The movie's premise has potential -- a vent in the earth's plates has allowed magma to begin rising towards the crust, scenic Los Angeles to be exact. Tommy Lee Jones plays Mike Roark, the head of an emergency crew that's already on edge because of recent, intense quakes. It certainly doesn't help matters that some strange activity in L.A.'s underground has nuked a team of workers. We, of course, know why it's hotter than hell down there.
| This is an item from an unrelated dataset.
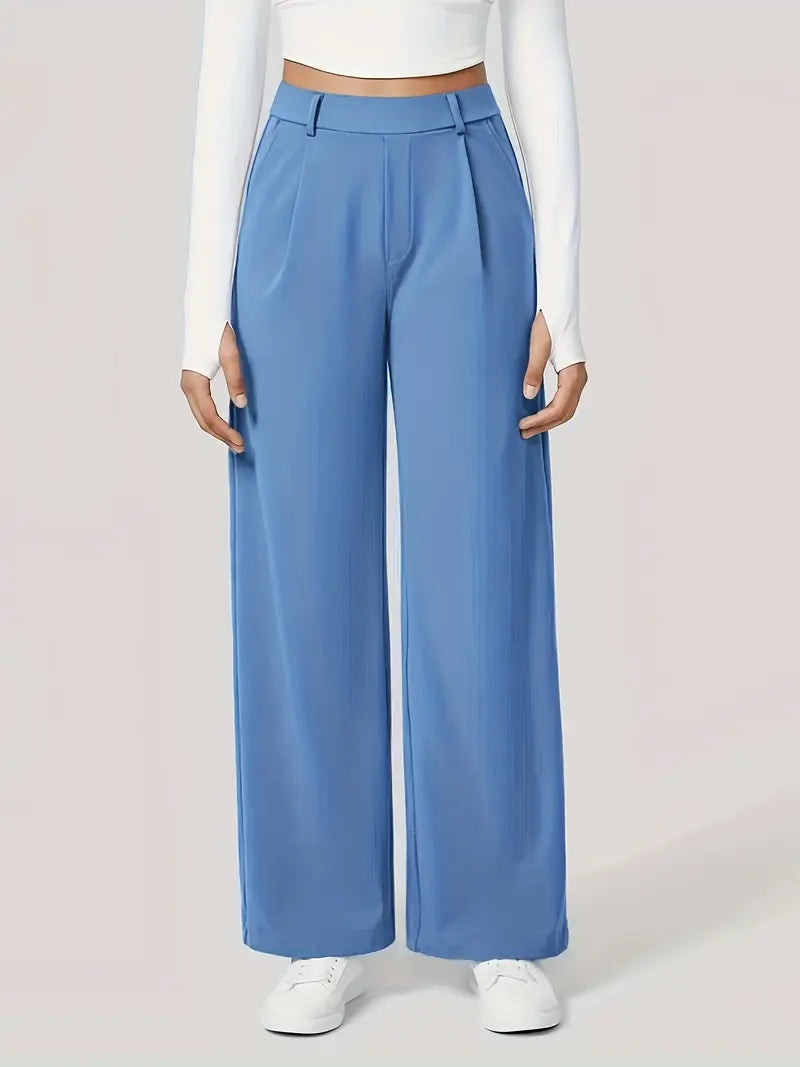 Pantalon Droit Stretch Taille Haute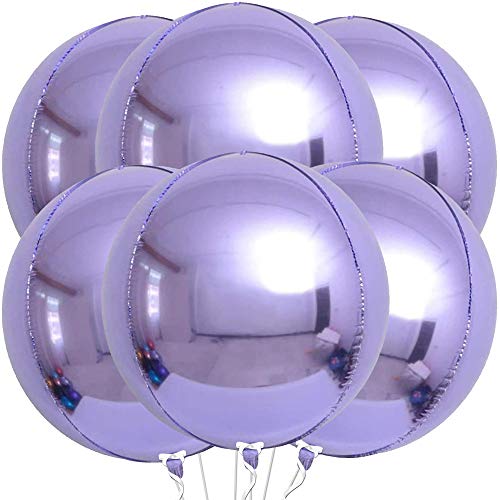Image of KatchOn, Big Purple Mylar Balloons - 22 Inch, Pack of 6 | Round 4D Metallic Lavender Balloon for Purple Party Decorations | Metallic Balloons for Anniversary | Unicorn, Mermaid Birthday Decorations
Pretty seismologist Amy Barnes (Anne Heche) is called on by Roark to help figure things out; she comments that a downtown spring has upped in temperature, and it takes a geological event to make this happen. Before too long, the implicit danger becomes blatantly obvious to the city, as the La Brea Tap Pits spit out chunks of molten rock, setting fire to all surroundings, and MacArthur Park begins, well, melting in the dark.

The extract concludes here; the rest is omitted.